Existe uma voz ancestral que serve como guia para elas, e que conecta o passado e o presente para construir um futuro, e essas vozes se materializam em obras de arte, assim explica CC: “Somos nossas bisavós, avós, mães. Transmitimos o clã de geração em geração. Nossa conexão com a terra é através do nosso clã. Eu pinto as mulheres fortes do passado e do presente. Minha mãe é uma costureira local que continua mantendo vivo o espírito do vestido. Tiro fotos do seu trabalho com minha família e com as mulheres da comunidade e, por isso sou assim, encontro a minha força na minha cultura e na terra”.

CC pintando um mural nas ruas de Phoenix, Arizona, nos EUA. Fonte: cortesia das entrevistadas
A história que as duas estão construindo é profundamente inspiradora, pois é a história de uma libertação. A libertação dos nossos corpos e da nossa imagem, pois como Castro diz: “Sinto que a colonização roubou a nossa sensualidade e a conexão com o nosso poder e energia sexual divina. Eu trabalho cuidadosamente para recuperar essa consciência sensual e a conexão com meu corpo e meu poder sexual. Quantos mais livres nós somos como indivíduos, mais livres somos como povo. Voltando para os nossos caminhos em que seguíamos o espírito e a natureza. Porque a nossa sexualidade é natureza divina, assim como as plantas e as árvores polinizam, nós também o fazemos”.
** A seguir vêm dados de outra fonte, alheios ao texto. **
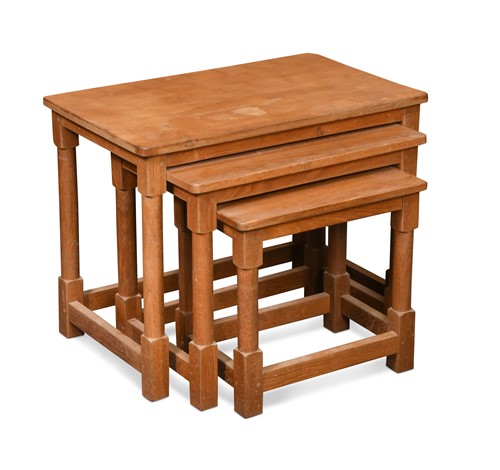 Lot 210 - Cat and Mouseman: Lyndon Hammell (Harmby), an oak nest of three tables
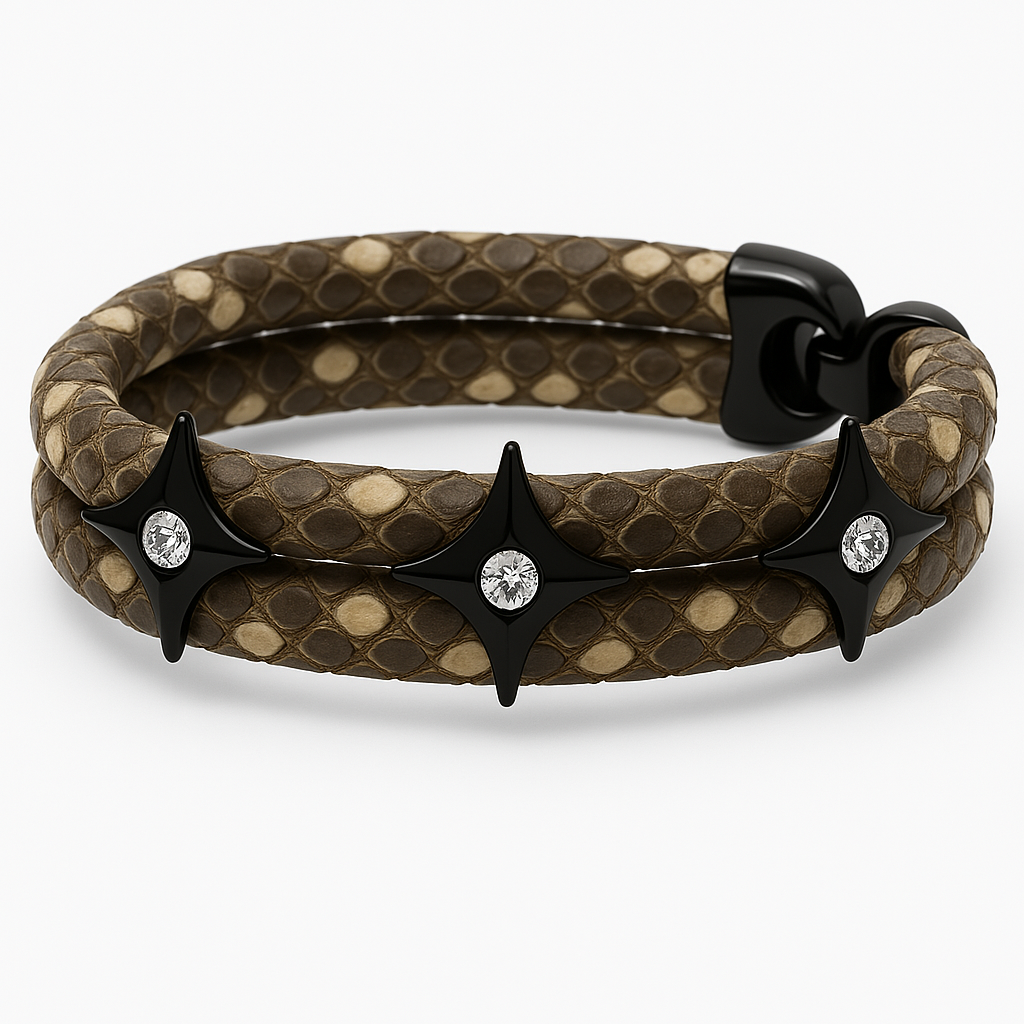 Celeste Luxe Python Bracelet - Earth Stone Silk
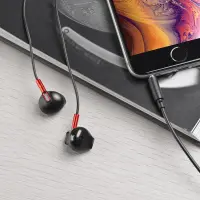 Hands Free Hoco M57 Sky Sound Earphones Stereo 3.5 mm Black with Micrphone and Operation Control Button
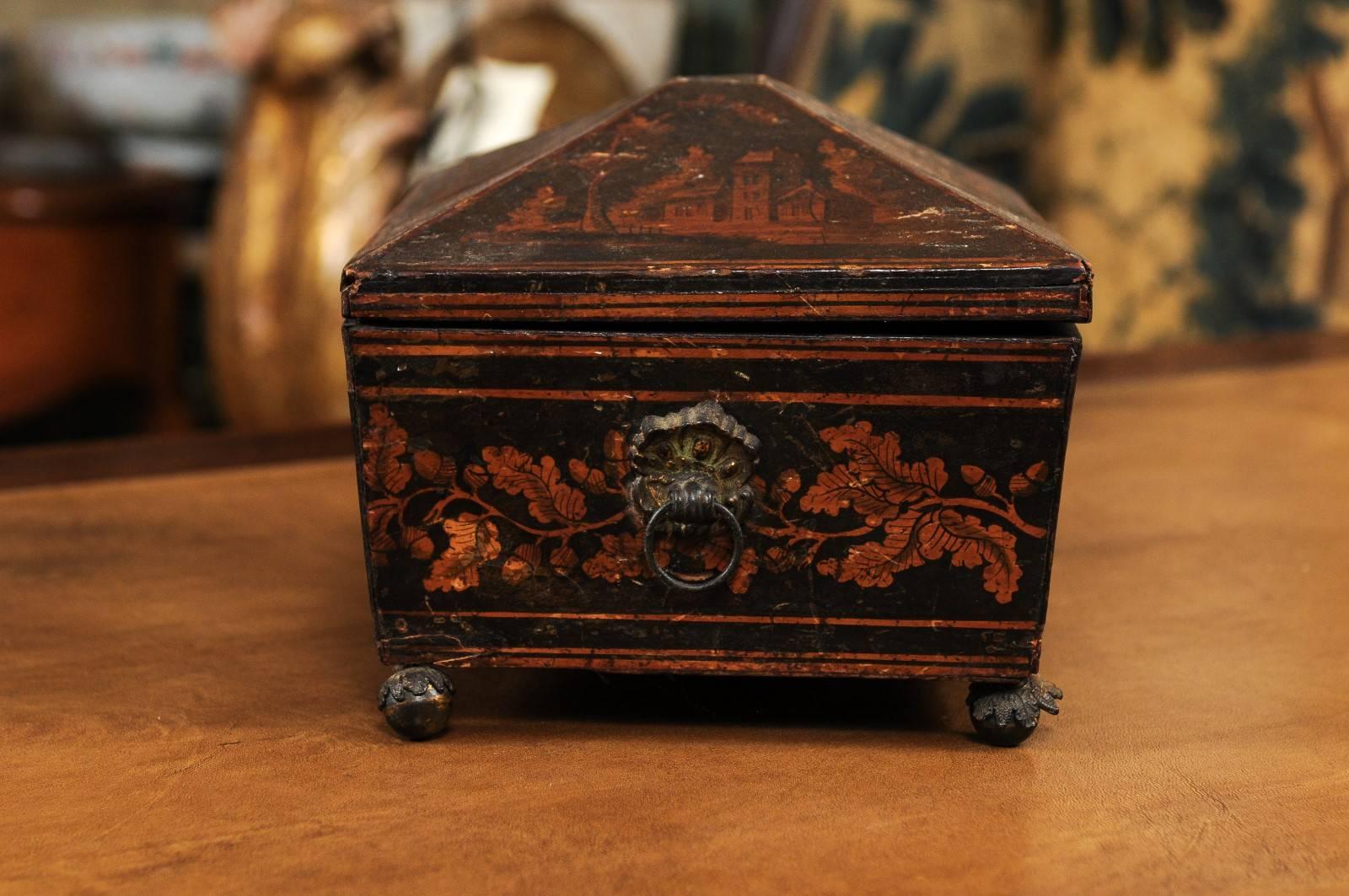 19th Century English Regency Penwork Box with Foliate Decoration and Acorn Feet 3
A revolução sexual é uma questão pendente na América Latina, e ainda mais nas comunidades indígenas, entretanto, essa história de transformação e luz nos mostra que outra realidade também é possível, onde as tradições, a espiritualidade, e a criatividade não estão em desacordo com a diversidade sexual, mas que se complementam e constituem uma unidade.
Sobre isso, CC compartilha a seguinte reflexão para todas as pessoas que têm um confronto interno entre a sua sexualidade e as suas tradições: “Você deve saber que não tem nada errado com você. Nosso criador te deu o espírito que está em você. Sei que dá medo pensar no que os outros dizem quando pensam em você, mas mostre amor para eles porque é isso o que você é. Para ter um apoio saudável, você precisa das orações, da terra e das pessoas”.

CC e Castro juntas em um abraço de amor. Fonte: cortesia das entrevistadas
Eu junto as minhas mãos para agradecer pelos momentos que pude desfrutar da companhia delas, agradeço que me permitam contar a sua história, pois sinto que é uma obrigação compartilhar a vida dessas almas poderosas, para, assim, intensificar a força que as juntou e que a vivência delas possa inspirar outras pessoas a viver uma vida mais livre, longe das amarras dos olhares puritanos que condenam o amor que cura entre mulheres indígenas.
Ao concluir esse texto, minha memória voltou para o primeiro dia que as conheci. Castro olhou para CC e sorriu, e um universo inteiro se abriu naquele lugar, ali habitavam planetas, linguagens, silêncios e ecossistemas que ninguém mais poderia entender, apenas elas. E assim reafirmo o que eu disse antes, o amor está nos mínimos detalhes.